> _WHAT TO WORK ON_: Return the complete listing exactly as it reads, with each picture removed.

> _DATA SEGMENT_:
=======
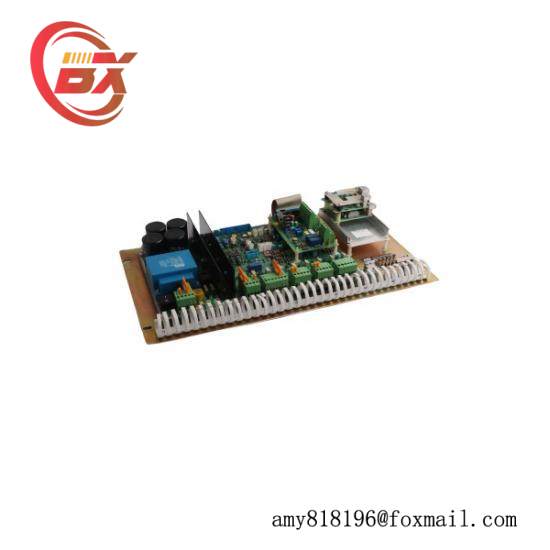 ABB PFTK101A YM222001-UC PFTA102 Control Board
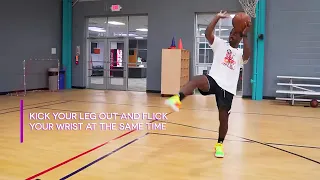 7 Deadly 1v1 Moves That ANYONE can Master FAST! 🏀 360p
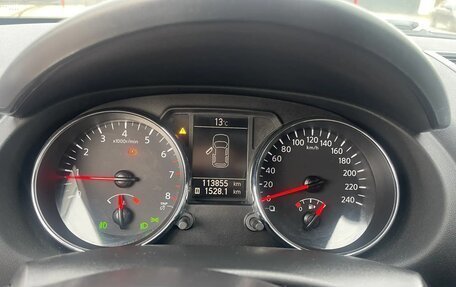 Nissan Qashqai, 2012 год, 1 360 000 рублей, 13 фотография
=======
> _TASK OUTPUT_:
 ABB PFTK101A YM222001-UC PFTA102 Control Board
 7 Deadly 1v1 Moves That ANYONE can Master FAST! 🏀 360p
 Nissan Qashqai, 2012 год, 1 360 000 рублей, 13 фотография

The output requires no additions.